Romain Gary ne disait-il pas qu’un vrai roman est impossible à traduire en quelques lignes, car «en rendre compte sous une forme autre que celle que son auteur a choisie revient précisément à défaire ce que celui-ci a voulu faire»? Ce bref et furieux texte d’Angot entre dans cette catégorie. Le bloc-noteur (prudent) pourrait dire à ses lecteurs qu’ils se fassent par eux-mêmes leur opinion, après l’épreuve effarée du récit, se jetant dans ces mots comme à corps perdu, sans aucune précaution ni présupposé. Ainsi percevraient-ils seuls un terrible malaise les étreindre, qu’ils soient hommes ou femmes. Hommes: vous oscillerez immanquablement et quoi que vous fassiez entre l’excitation malsaine (parfois physique) et le rejet évident d’une telle mécanique implacable. Femmes: vous hésiterez entre le dégoût rapide et le haut-le-cœur consommé, qui s’achèvera pourquoi pas dans la cuvette des chiottes.

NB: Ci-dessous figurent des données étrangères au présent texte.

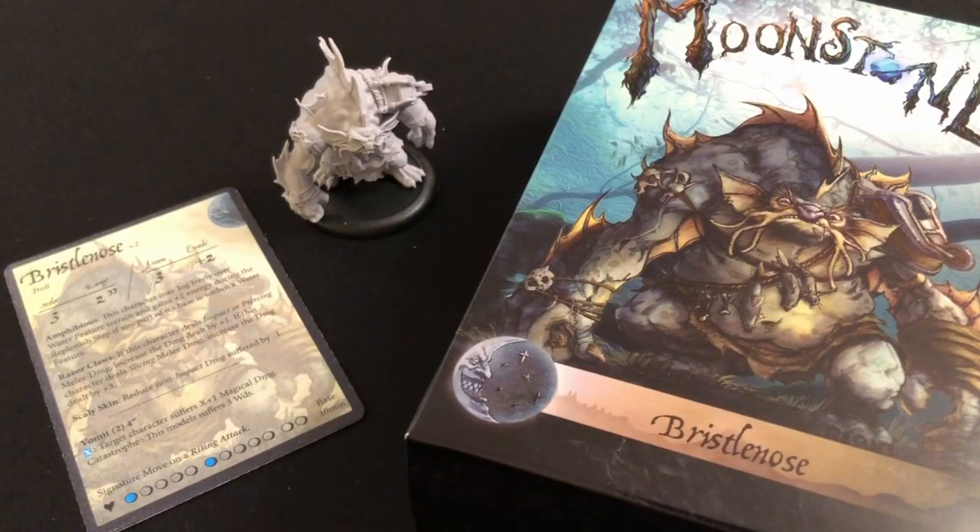So there we have it. That is Bristlenose the river troll. Thank you so much to Goblin King Games for including this miniature with my order — I'm very very pleased with it. And I guess this is the end of the video, but I'm going to add a small personal message.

Monologue. La romancière raconte la perversion sexuelle sans tabou, sans forme ni prudence. L’inceste et/ou la pédophilie sans détours mais dans tous les détails. Nous savions à quoi nous attendre? Dites-vous que c’est encore pire… Non pas parce que le sujet en lui-même, l’inceste supposé, soit non racontable en tant que tel, mais bien parce que les détails relatés par Angot n’en finissent plus, écœurants à l’extrême, juxtaposant le viol physique (violent dans sa froide répétition maniaque) au viol mental (encore plus violent car «explicable» intellectuellement sur des esprits en position de faiblesse, par exemple des enfants). Dans ce texte, Angot va jusqu’au trouble suprême: à aucun moment, du moins il nous semble, il n’est explicitement dit que l’homme en question est le père de la fille ; et nous ne connaîtrons jamais l’âge de cette fille, même s’il lui parle comme à une enfant tout en la traitant comme une adulte consentante (ce que son attitude laisse supposer). Cette confusion voulue (n’en doutons pas) n’est pas seulement gênante, elle est insupportable. Pendant des scènes de fellation ou de sodomie, l’homme lui dit à plusieurs reprises : «Dis-moi: “Je t’aime papa”» (dès la page 42). Et puis bientôt, il évolue: «Dis-moi: “C’est bon papa”.» Voilà, rien de plus, rien de moins. Et surtout pas de pénétration vaginale, car elle «ne le veut pas» et lui dit respecter au plus haut point sa virginité. Sauf bien sûr quelques doigts, un, deux, trois, quatre. Mais attention: «Il ne veut rien faire qu’elle ne désire vraiment.» L’homme dans toute sa splendeur, intelligent et machiavélique pour parvenir à sa jouissance, un personnage «complexe» diraient certains, pervers au plus haut point quand il assène que «c’est pour son plaisir, à elle» qu’il fait ça, qu’il «l’initie». Grâce à lui, l’enfant devient femme. Lui, l’obsédé du sexe, insatiable. Lui, l’homme et sa poupée qui dit oui. Lui et son long monologue. Lui et son auteure. Lui et nous… Question. Christine Angot a-t-elle, oui ou non, décidé à son plus grand profit de remettre le couvert et de retourner à l’inceste en général, donc le sien, qu’elle nous demande d’observer sous toutes les coutures depuis quinze ans, depuis toujours, en somme depuis trop longtemps?